The sum of the first #5# terms of a geometric sequence is #93# and the #10#th term is #3/2#. What is the common ratio and what is the fourth term?

1 Answer
Jul 26, 2016

If #3/2# is a typo for #3/32# then the common ratio is #1/2# and the #4#th term is #6#.

Explanation:

The general term of a geometric sequence is expressible by the formula:

#a_n = ar^(n-1)#

where #a# is the initial term and #r# the common ratio.

If #r != 1# then the sum of the first #N# terms is given by the formula:

#sum_(n=1)^N a_n = sum_(n=1)^N ar^(n-1) = a(r^N-1)/(r-1)#

In our example, we are given:

#93 = sum_(n=1)^5 a_n = a(r^5-1)/(r-1)#

#ar^9 = a_10 = 3/2#

If this is to have rational solutions, then we should look at the factors of #93#.
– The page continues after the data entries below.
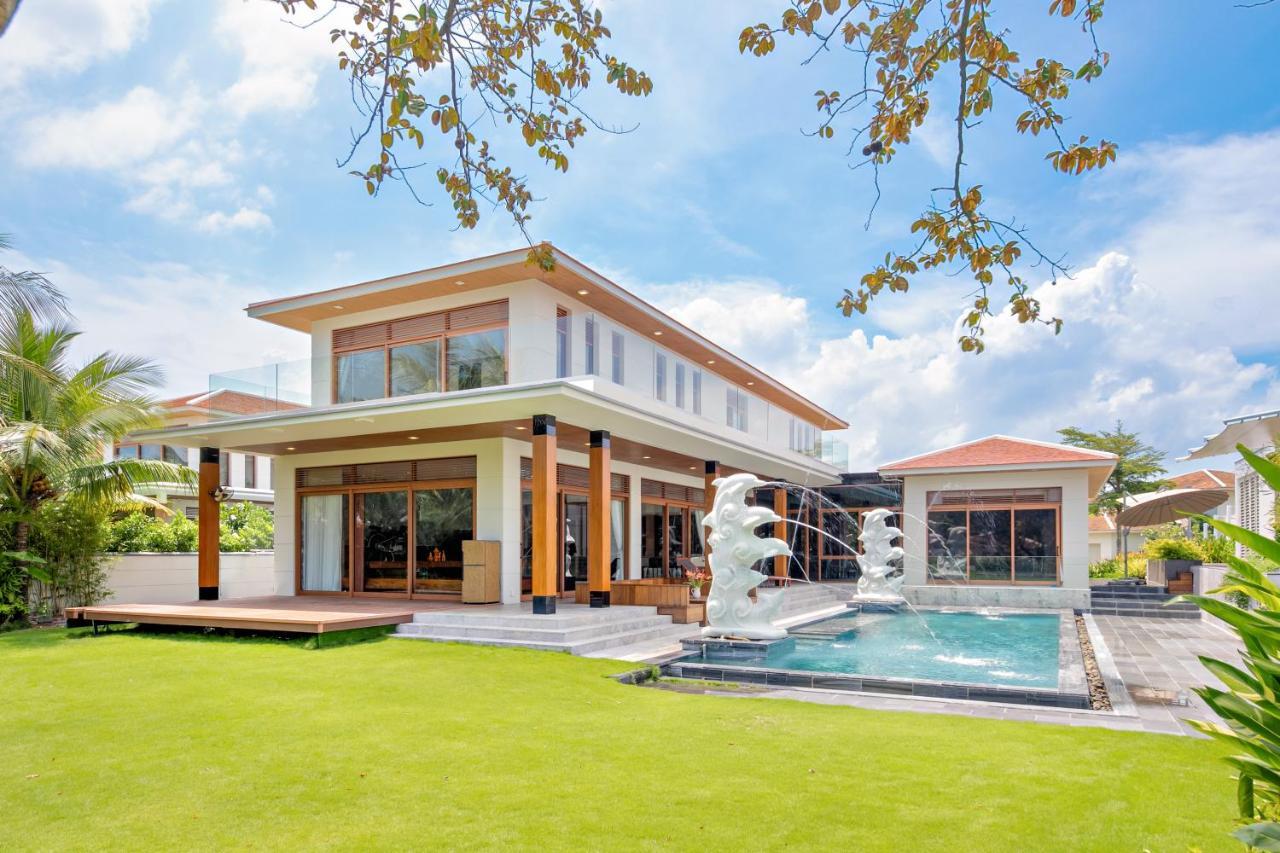 Deluxe Beach Villas By Danatrip Da Nang Eksteriør billede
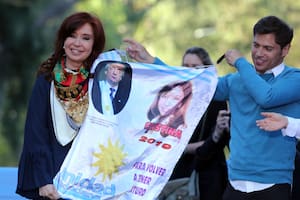 Axel Kicillof y Cristina Kirchner durante el acto en La Plata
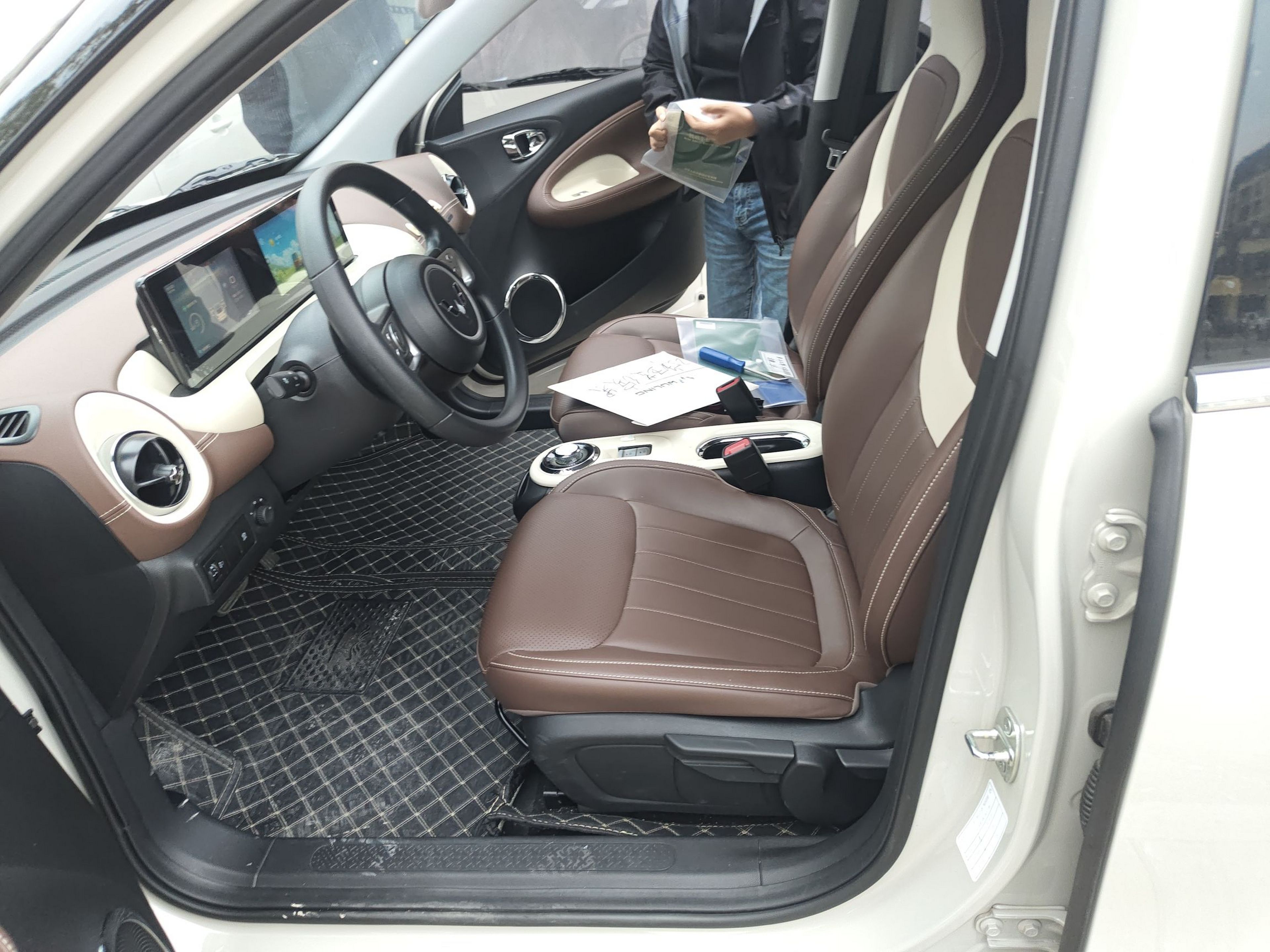 المقاعد الأمامية داخل السيارة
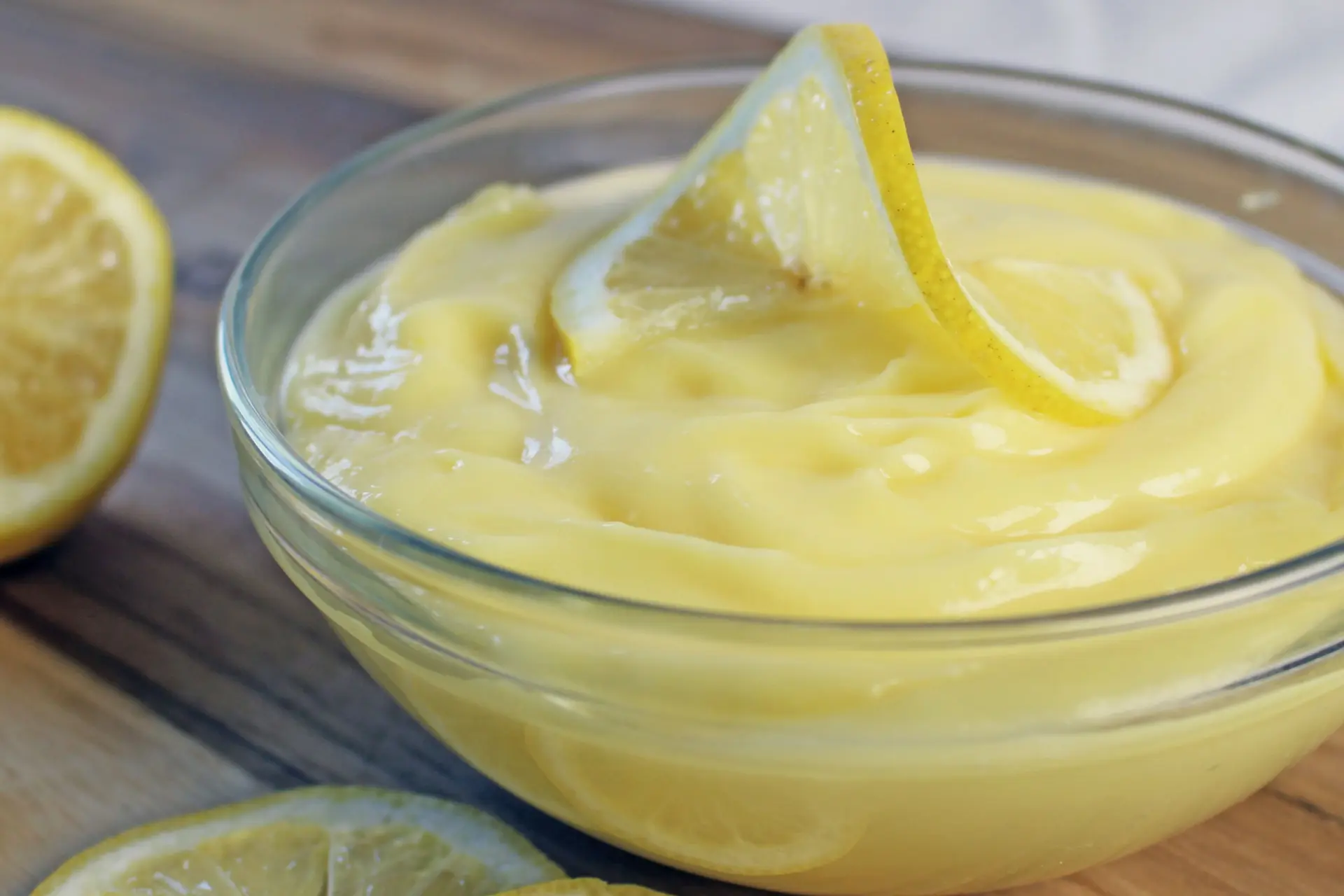 Lemon curd ou creme de limão.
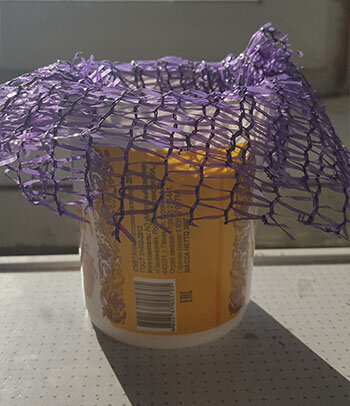 Сетка для стаканчиков с рассадой.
The prime factorisation of #93# is:

#93 = 3*31 = 3*(2^5-1)/(2-1)#

So #93# is the sum of the first five terms of the geometric sequence:

#3, 6, 12, 24, 48#

But if that were our sequence, then #a_10 = 32^9 = 1536# - somewhat larger than #3/2#.

How about if we reverse the sequence?

#48, 24, 12, 6, 3#

Then the #6#th term will be #3/2#, not the #10#th term - which will be #48*(1/2)^9 = 3/32#

Is there a typo in the question? Should the #10#th term be specified as #3/32#?

If so, then the common ratio is #1/2# and the #4#th term is #6#.

If the question is correct in the form given then the answer will be much more messy. Specifically, the common ratio #r# would be the Real zero of the nonic polynomial: #62r^9-r^4-r^3-r^2-r-1#, an irrational number approximately #0.709461#.